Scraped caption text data
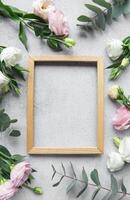 Delicate flowers arranged around an empty wooden frame on a textured surface photo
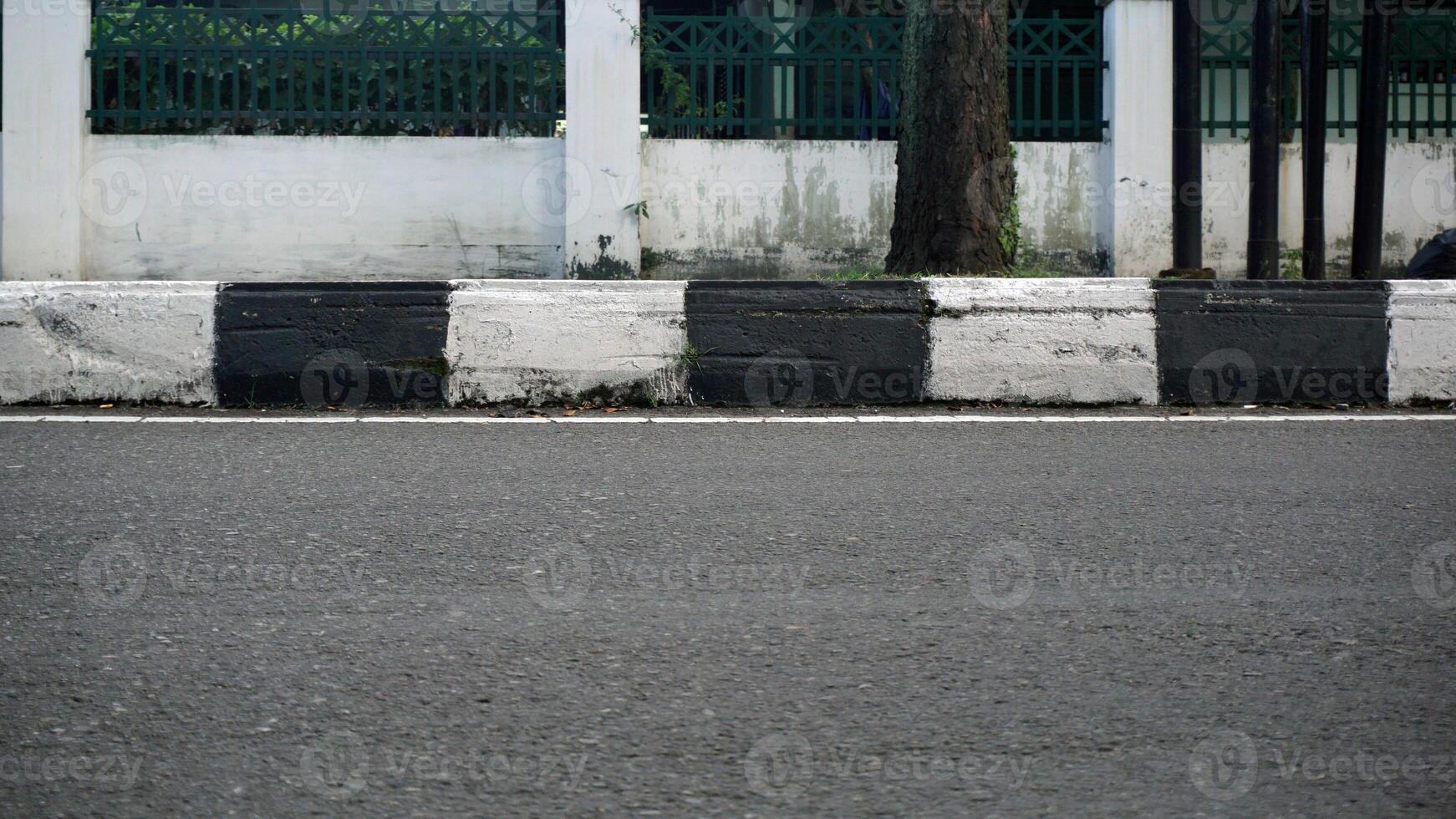 Asphalt road with white and black stripes in the city. photo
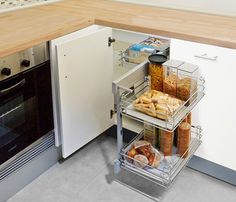 a kitchen with an oven, dish rack and counter top filled with breads on it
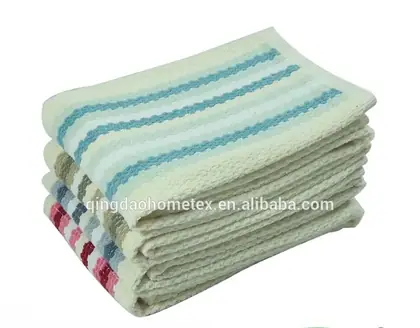 Stack of folded striped kitchen towels in cream, blue, and multicolor designs on a white background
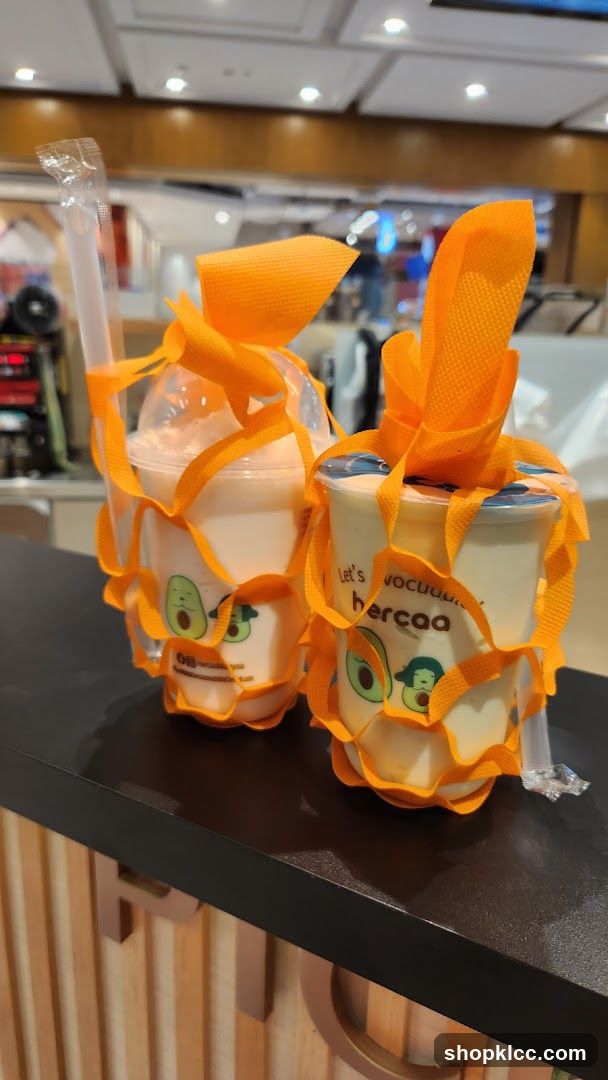 Avocado-themed drinks with orange packaging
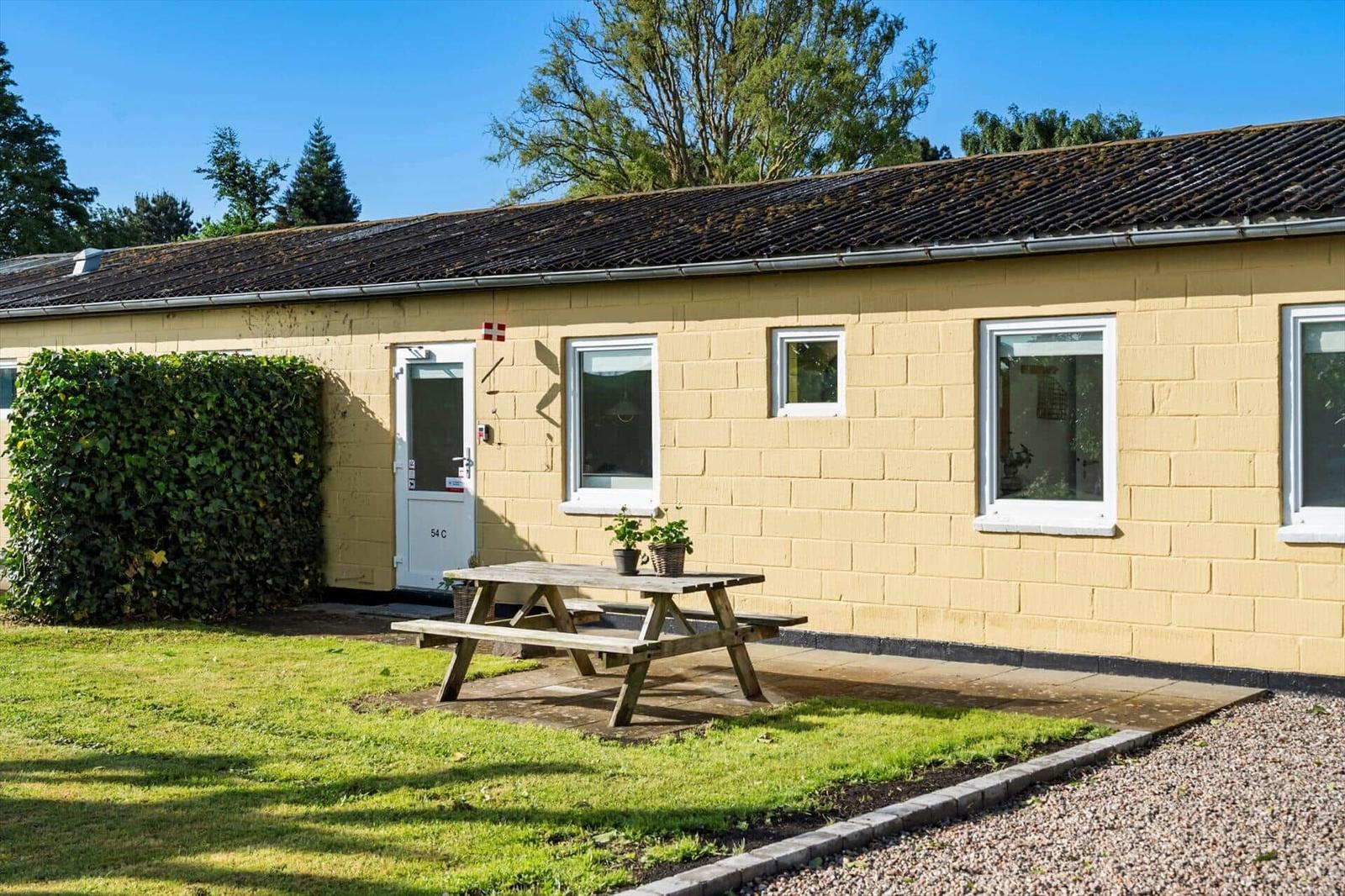 Yellow holiday house with wooden table, lawn, and windows. Backyard with hedge and door.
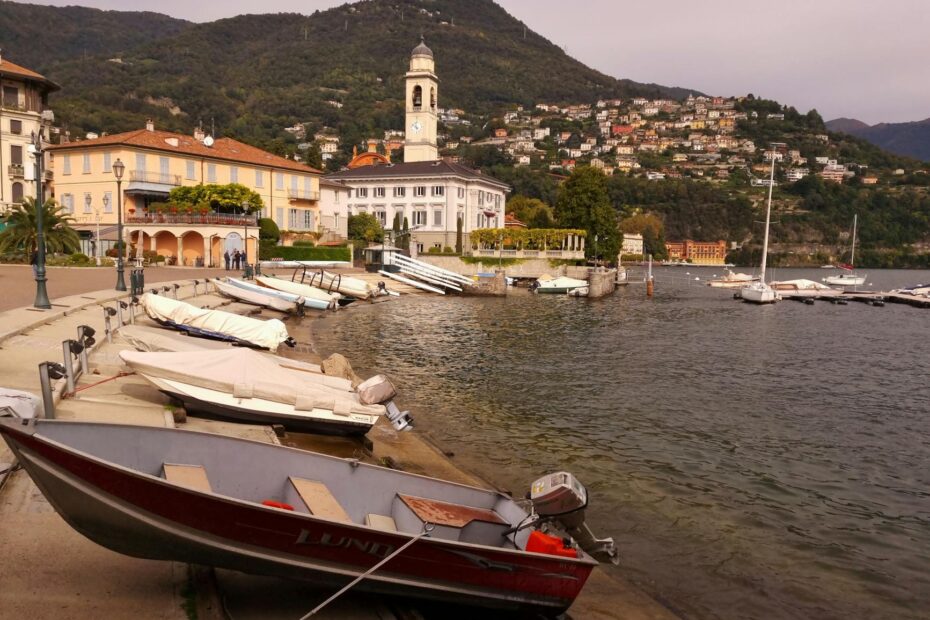 Peaceful harbor scene at Lake Como with boats and scenic hillsides.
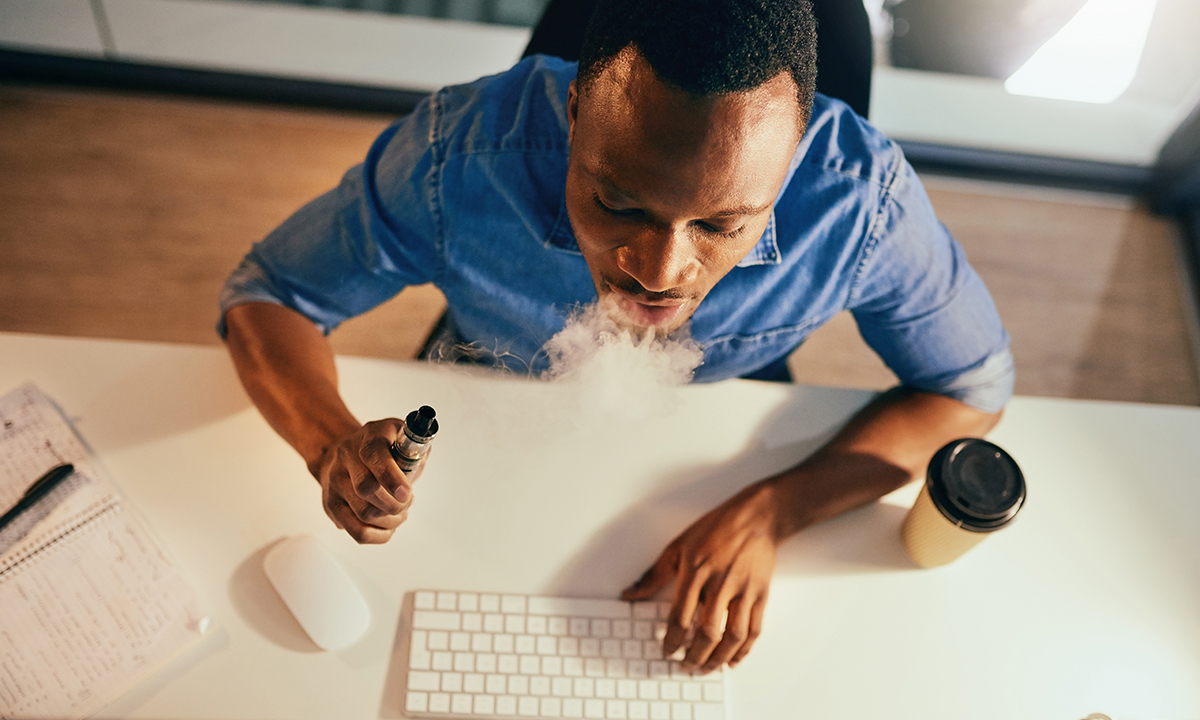 Guy vaping at computer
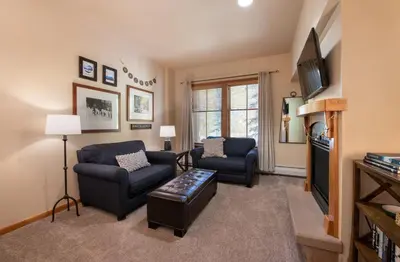 a living room with two chairs and a tv at Zephyr Mountain Lodge Premium-Rated 2108 in Winter Park
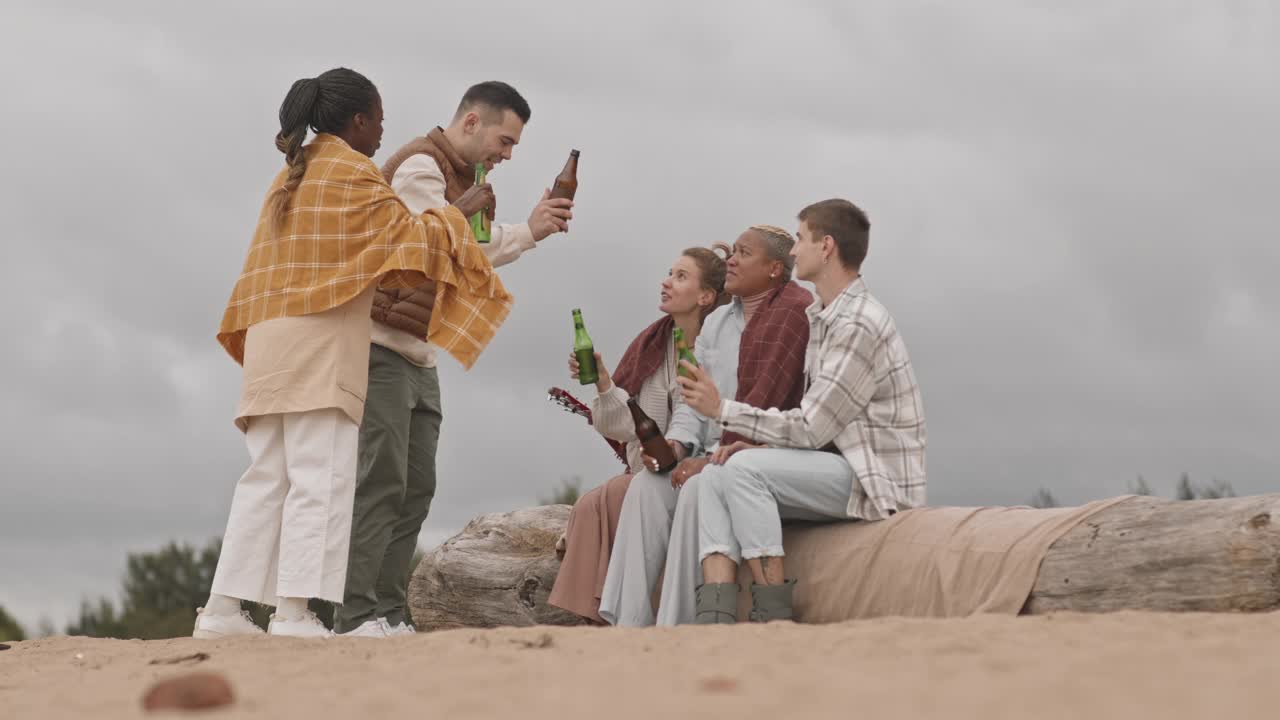 年轻人在海滩上喝啤酒视频素材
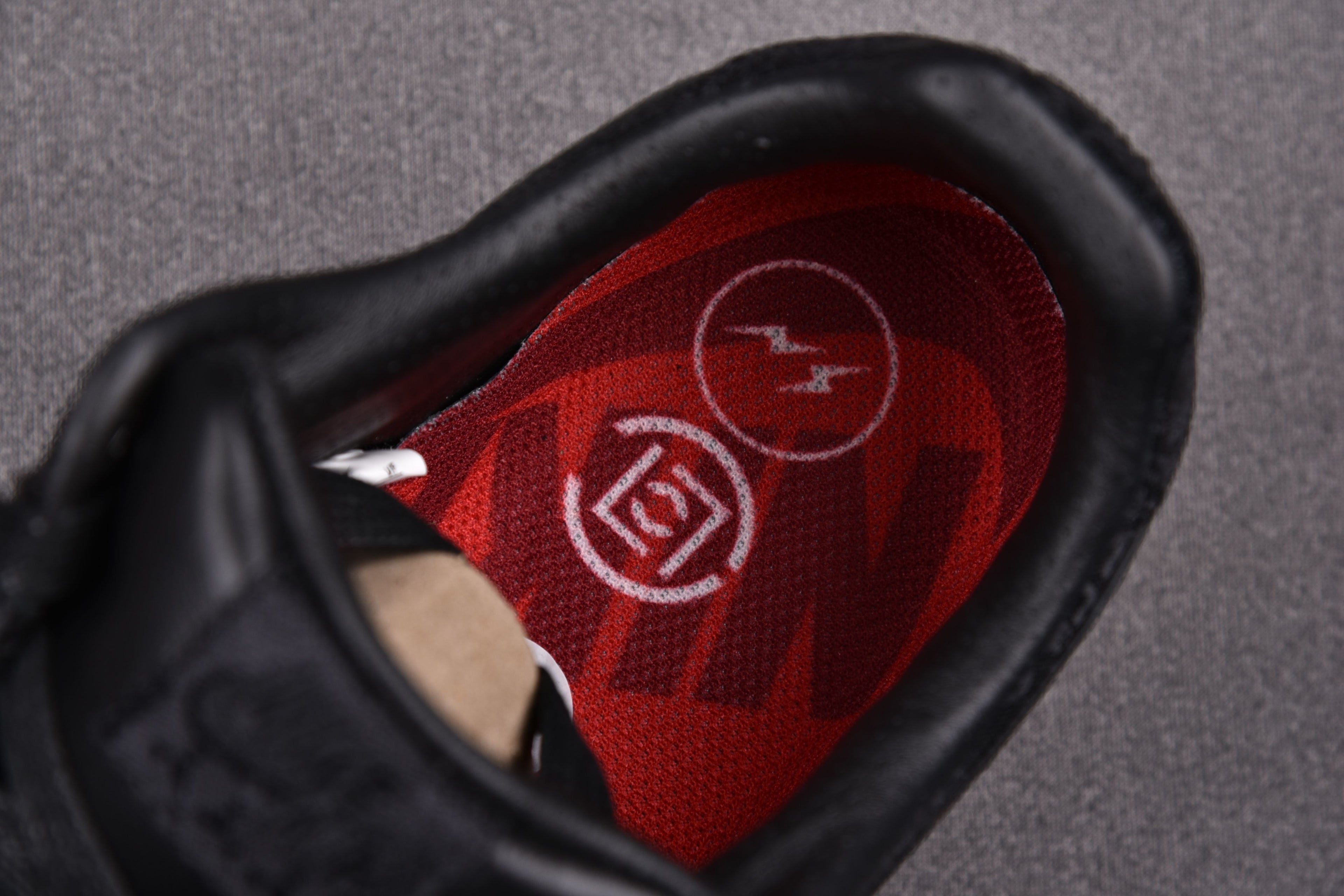 Black sneaker interior with red insole and circular logo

(WHAT IS BEING ASKED): Where a record above holds a picture, drop the picture and print the rest exactly.

(REPLY):
 Delicate flowers arranged around an empty wooden frame on a textured surface photo
 Asphalt road with white and black stripes in the city. photo
 a kitchen with an oven, dish rack and counter top filled with breads on it
 Stack of folded striped kitchen towels in cream, blue, and multicolor designs on a white background
 Avocado-themed drinks with orange packaging
 Yellow holiday house with wooden table, lawn, and windows. Backyard with hedge and door.
 Peaceful harbor scene at Lake Como with boats and scenic hillsides.
 Guy vaping at computer
 a living room with two chairs and a tv at Zephyr Mountain Lodge Premium-Rated 2108 in Winter Park
 年轻人在海滩上喝啤酒视频素材
 Black sneaker interior with red insole and circular logo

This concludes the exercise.